2000-12-14 Thread Elliot Lee

On 14 Dec 2000, Michael Livshin wrote:

> this might be because the Bell Labs folks don't like RPC in general
> when network latencies become involved?  I'm guessing.
>
> 'cause CORBA is still pretty much objectified RPC, as far as I know.
> I don't think you want to abstract the network out just like that when
> dealing with kernels.

OK, since everyone seems to want to argue about this on orbit-list for
some reason, my $0.02:
CORBA/IIOP is saner than SunRPC in a lot of ways, and it's not too
horribly more complicated to implement a barebones ORB than a
barebones SunRPC impl.

Comments about CORBA being too slow are nonsense - it's just that
a few crackheads have tried to stick ORBit in the kernel as a
global IPC mechanism, which it really is not suitable for.

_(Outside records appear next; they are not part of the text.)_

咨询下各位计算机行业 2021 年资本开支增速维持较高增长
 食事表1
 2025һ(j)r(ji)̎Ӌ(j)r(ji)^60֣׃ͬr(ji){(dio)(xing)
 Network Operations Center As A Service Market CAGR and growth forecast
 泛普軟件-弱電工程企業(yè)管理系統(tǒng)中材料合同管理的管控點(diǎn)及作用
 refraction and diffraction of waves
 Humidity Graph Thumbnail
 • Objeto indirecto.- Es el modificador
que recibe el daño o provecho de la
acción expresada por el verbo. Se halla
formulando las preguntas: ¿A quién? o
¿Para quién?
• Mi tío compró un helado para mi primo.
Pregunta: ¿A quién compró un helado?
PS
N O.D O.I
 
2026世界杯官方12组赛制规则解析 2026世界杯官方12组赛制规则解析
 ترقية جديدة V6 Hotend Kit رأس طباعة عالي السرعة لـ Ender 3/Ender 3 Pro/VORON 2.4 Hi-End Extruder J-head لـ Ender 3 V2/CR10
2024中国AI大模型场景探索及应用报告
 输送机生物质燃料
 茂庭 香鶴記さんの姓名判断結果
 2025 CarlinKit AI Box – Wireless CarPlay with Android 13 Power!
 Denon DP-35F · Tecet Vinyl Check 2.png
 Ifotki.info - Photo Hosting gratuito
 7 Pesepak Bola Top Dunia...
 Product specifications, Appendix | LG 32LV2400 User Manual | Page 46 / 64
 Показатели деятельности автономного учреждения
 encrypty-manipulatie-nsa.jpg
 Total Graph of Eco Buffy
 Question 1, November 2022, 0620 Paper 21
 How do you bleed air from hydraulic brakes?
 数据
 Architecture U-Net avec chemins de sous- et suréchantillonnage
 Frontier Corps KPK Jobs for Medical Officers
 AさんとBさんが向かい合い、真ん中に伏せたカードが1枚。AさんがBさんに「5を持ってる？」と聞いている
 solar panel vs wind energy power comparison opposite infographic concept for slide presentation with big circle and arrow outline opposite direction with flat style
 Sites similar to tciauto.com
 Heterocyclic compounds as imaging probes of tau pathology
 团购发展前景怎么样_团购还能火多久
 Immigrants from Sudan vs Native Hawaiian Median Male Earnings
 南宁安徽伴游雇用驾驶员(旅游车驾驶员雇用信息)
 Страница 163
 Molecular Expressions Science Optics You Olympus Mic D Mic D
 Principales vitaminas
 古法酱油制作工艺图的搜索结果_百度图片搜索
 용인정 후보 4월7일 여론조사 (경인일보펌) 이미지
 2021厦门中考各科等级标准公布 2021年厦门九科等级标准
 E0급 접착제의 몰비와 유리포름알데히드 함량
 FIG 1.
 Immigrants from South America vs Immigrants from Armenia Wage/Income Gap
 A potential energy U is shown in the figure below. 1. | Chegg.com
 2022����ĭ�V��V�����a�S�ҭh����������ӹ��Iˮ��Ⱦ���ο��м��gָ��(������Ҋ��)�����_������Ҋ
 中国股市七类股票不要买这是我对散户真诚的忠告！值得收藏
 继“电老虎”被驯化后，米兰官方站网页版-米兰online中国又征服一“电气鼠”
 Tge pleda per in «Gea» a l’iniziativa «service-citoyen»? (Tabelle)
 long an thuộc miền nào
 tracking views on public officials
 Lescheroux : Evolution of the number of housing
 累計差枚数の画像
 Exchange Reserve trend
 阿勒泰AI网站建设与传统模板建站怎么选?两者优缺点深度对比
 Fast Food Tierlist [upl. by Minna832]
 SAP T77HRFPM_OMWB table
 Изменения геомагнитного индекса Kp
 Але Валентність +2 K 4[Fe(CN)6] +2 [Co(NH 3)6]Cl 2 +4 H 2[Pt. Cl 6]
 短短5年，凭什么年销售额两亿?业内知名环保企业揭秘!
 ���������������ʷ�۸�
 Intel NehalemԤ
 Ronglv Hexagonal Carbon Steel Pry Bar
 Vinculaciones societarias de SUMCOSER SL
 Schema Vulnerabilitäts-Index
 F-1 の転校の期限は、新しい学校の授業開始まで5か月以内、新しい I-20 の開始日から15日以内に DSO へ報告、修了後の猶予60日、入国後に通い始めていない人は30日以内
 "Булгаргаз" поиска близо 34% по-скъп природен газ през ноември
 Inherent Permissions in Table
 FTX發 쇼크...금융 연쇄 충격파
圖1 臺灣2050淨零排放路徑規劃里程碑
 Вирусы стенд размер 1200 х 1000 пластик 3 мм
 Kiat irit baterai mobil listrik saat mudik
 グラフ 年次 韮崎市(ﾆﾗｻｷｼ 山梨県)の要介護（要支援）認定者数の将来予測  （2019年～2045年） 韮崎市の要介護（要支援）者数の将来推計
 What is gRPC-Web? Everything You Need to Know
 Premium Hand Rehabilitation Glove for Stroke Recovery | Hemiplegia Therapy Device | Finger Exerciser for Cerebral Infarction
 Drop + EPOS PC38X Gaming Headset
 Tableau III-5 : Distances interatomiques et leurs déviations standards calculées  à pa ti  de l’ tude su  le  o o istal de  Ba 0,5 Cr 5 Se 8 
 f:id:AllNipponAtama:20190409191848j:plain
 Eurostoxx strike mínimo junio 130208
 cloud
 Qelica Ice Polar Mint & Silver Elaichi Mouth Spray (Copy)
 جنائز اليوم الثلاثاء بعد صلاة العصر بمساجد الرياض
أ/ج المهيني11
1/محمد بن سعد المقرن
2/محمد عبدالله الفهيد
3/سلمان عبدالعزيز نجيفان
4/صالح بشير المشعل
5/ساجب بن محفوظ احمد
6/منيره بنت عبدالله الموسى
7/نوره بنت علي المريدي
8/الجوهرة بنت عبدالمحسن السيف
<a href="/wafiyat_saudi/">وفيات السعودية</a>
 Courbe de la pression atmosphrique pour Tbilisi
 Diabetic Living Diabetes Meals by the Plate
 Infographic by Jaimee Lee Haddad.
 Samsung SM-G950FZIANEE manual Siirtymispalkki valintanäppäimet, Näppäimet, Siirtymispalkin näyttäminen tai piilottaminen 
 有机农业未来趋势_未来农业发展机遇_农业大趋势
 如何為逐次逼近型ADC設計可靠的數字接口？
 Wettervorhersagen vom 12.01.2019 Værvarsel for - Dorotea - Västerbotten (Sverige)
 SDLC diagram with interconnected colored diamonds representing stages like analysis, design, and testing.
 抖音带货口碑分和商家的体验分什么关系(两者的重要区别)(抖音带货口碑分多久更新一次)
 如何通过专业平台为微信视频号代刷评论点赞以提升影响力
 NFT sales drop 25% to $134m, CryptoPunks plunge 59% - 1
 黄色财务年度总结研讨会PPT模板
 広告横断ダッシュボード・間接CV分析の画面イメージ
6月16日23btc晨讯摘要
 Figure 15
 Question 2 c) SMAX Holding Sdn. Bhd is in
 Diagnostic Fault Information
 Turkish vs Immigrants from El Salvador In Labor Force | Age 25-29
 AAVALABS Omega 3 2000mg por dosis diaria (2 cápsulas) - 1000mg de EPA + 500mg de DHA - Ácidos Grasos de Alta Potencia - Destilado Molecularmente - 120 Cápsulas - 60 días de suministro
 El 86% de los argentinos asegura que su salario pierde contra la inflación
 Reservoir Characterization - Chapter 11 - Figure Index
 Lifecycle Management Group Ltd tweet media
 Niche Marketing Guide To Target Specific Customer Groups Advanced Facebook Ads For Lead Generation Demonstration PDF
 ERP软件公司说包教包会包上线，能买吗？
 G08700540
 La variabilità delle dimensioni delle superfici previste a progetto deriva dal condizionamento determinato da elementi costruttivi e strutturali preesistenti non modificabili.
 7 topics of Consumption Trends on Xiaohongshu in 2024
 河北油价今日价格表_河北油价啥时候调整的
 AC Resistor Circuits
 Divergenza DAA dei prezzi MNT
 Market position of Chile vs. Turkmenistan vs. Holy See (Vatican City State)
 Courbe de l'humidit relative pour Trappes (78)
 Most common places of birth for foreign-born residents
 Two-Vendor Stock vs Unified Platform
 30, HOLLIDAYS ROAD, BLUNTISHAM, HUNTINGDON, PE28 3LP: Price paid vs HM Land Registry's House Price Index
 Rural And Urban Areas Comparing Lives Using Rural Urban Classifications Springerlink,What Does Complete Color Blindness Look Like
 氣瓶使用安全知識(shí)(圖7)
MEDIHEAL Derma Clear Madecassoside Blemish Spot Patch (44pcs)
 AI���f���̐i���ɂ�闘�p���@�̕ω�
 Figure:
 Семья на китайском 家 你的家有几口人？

CORBA
has its place, and a GIOP mapping to a kernel-friendly IPC
mechanism (instead of TCP/IP) would certainly make it more useful
in the kernel, but generic mechanisms such as CORBA cannot by
definition be as fast as IPC mechanisms optimized for a specific
task.

People like Al Viro, who haven't written GNOME programs of any
size and certainly don't have mounds of in-depth knowledge of it,
should probably shut up about about its API & design. :)

TTFN,
-- Elliot
No new ideas for my .sig, and Alan told me my old one was an urban myth, so just
ignore this.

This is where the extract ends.